Work request → Your task is to copy the stretch of lines in the records below that begins with the line containing "Topographic Map of Skinface Pond, SC" and ends with the line containing "Banyan - Feige", exactly as written, with nothing added.

(Records from a data collection)
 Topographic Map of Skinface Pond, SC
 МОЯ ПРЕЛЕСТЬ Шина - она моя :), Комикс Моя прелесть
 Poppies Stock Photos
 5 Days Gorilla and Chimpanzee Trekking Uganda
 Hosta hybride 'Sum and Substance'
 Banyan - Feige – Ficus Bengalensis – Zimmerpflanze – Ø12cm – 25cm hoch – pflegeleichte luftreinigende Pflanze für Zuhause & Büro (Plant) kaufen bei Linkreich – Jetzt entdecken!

--

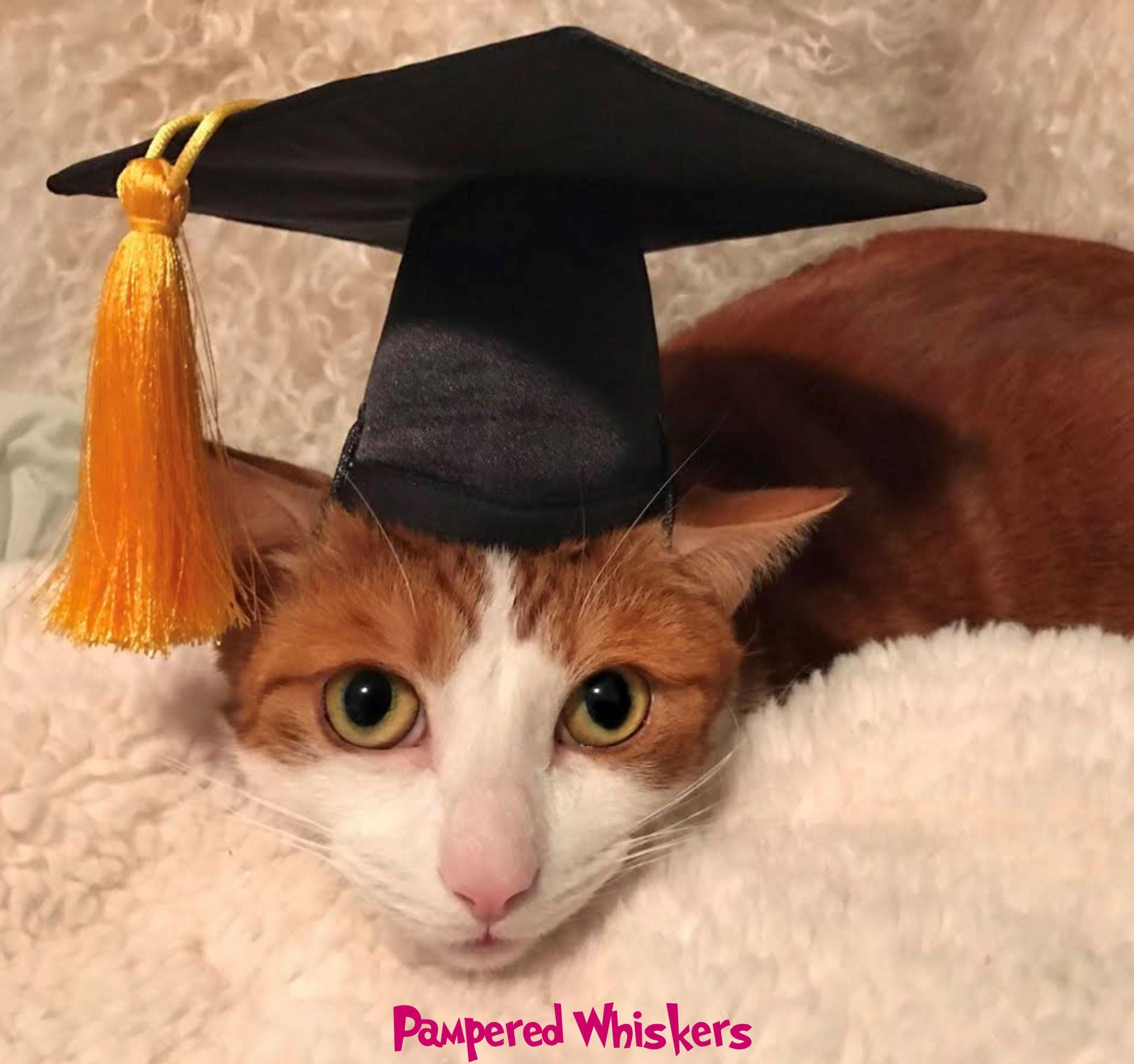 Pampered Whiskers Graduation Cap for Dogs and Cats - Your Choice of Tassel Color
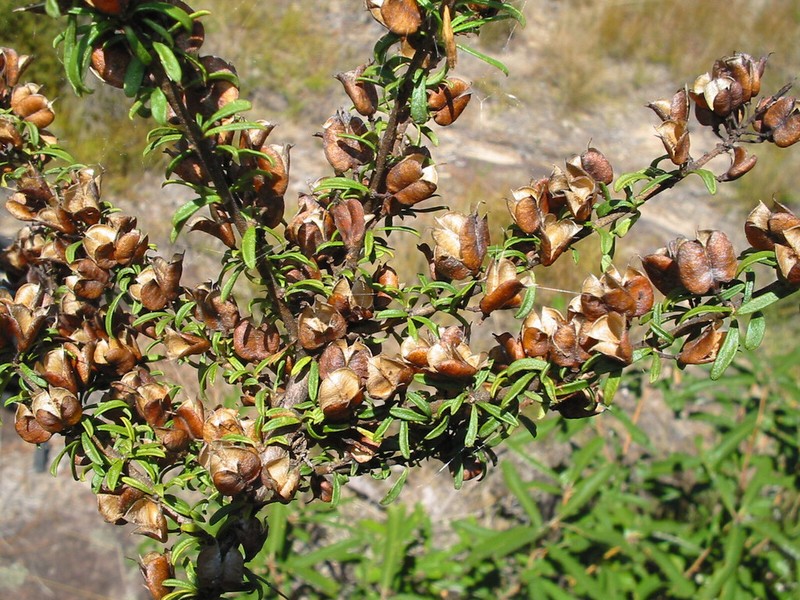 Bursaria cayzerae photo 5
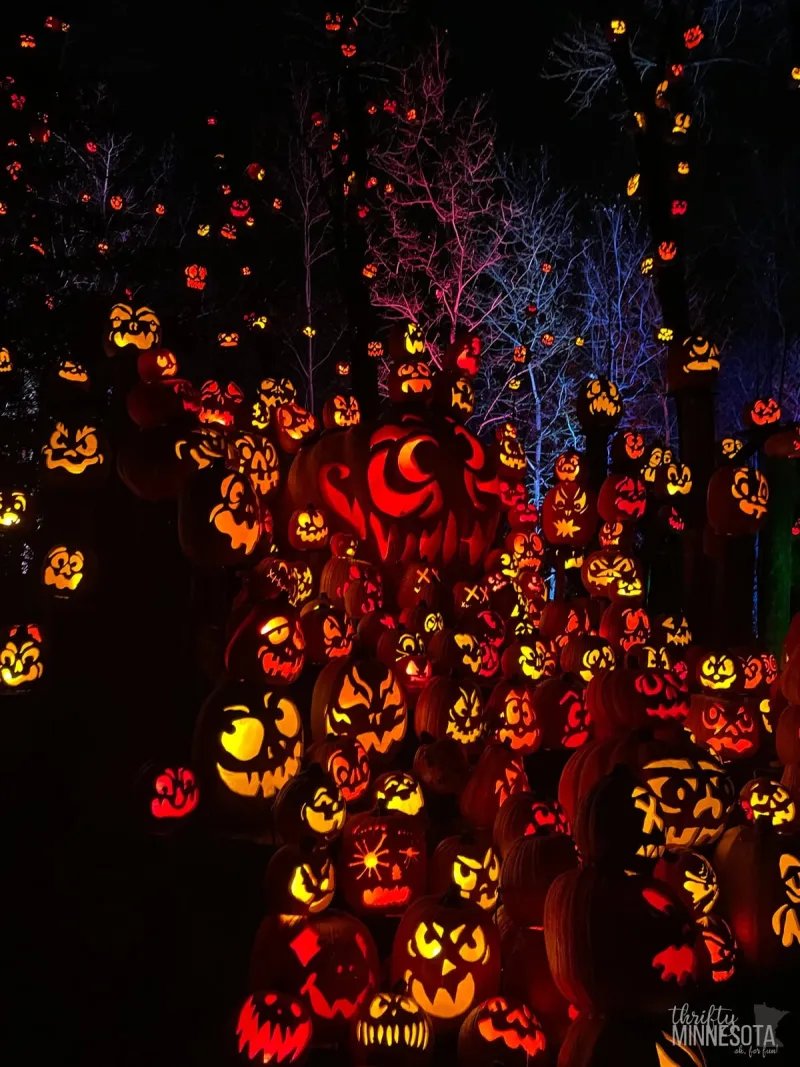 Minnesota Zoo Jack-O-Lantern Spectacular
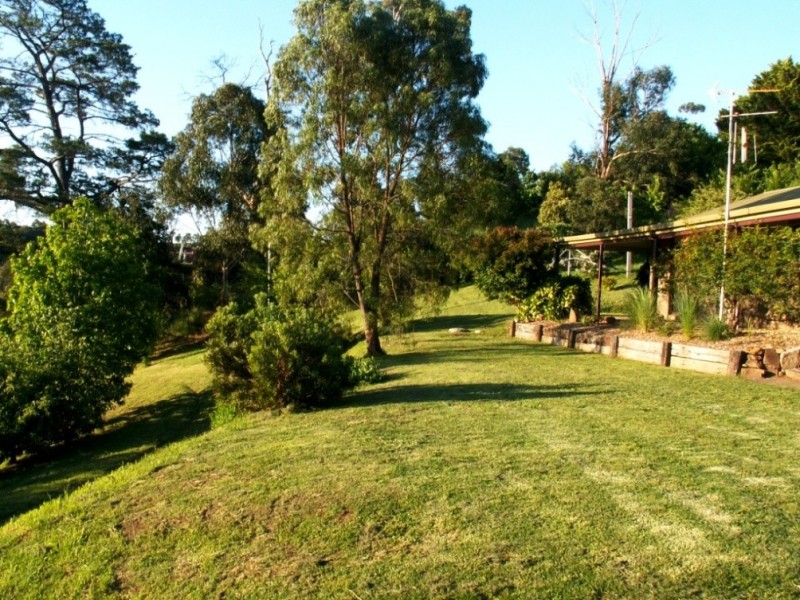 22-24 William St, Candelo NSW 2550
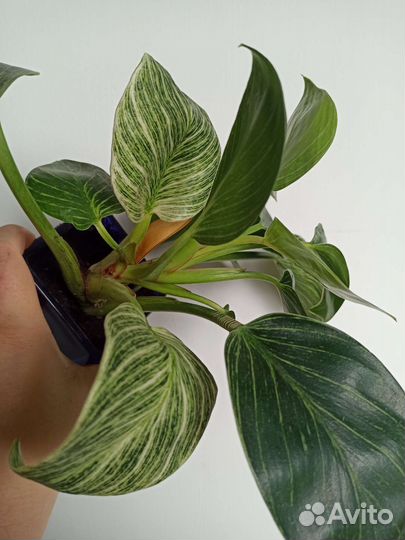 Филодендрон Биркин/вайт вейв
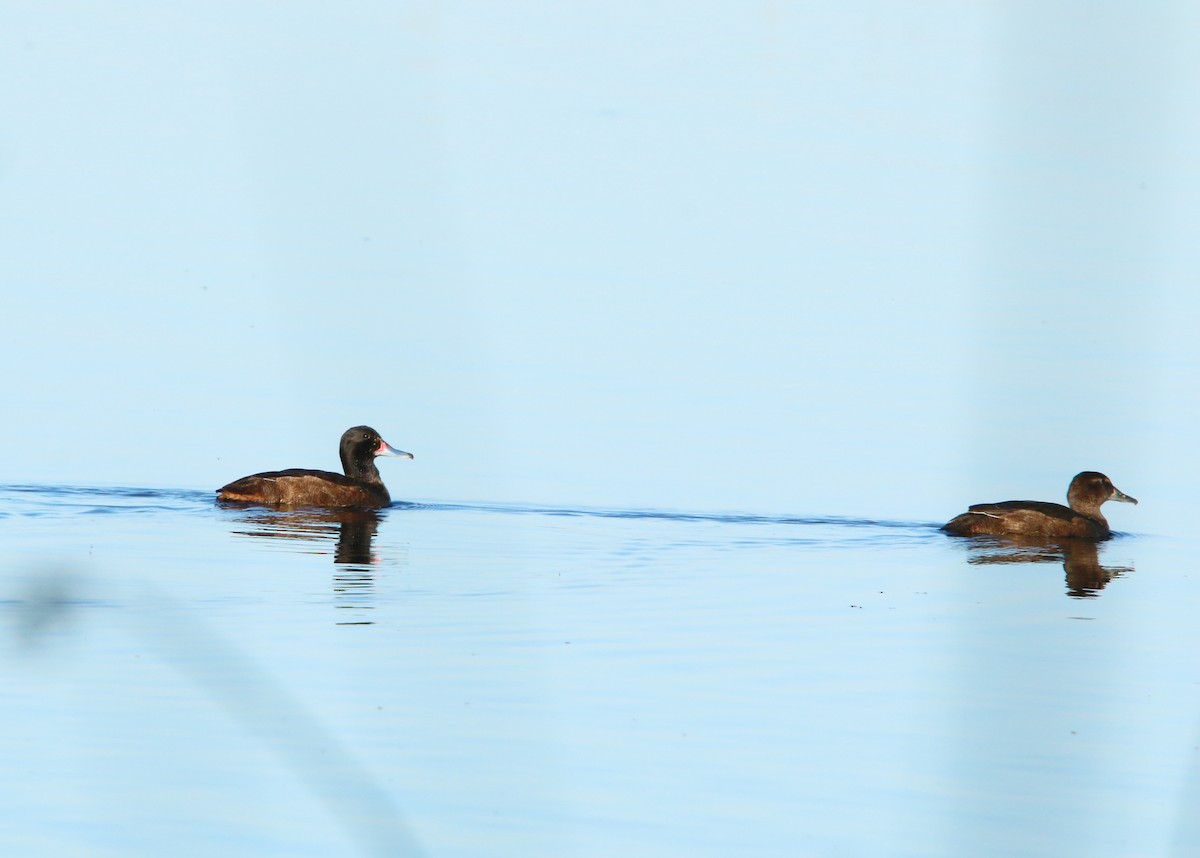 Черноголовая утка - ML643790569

Solution for this problem →
 Topographic Map of Skinface Pond, SC
 МОЯ ПРЕЛЕСТЬ Шина - она моя :), Комикс Моя прелесть
 Poppies Stock Photos
 5 Days Gorilla and Chimpanzee Trekking Uganda
 Hosta hybride 'Sum and Substance'
 Banyan - Feige – Ficus Bengalensis – Zimmerpflanze – Ø12cm – 25cm hoch – pflegeleichte luftreinigende Pflanze für Zuhause & Büro (Plant) kaufen bei Linkreich – Jetzt entdecken!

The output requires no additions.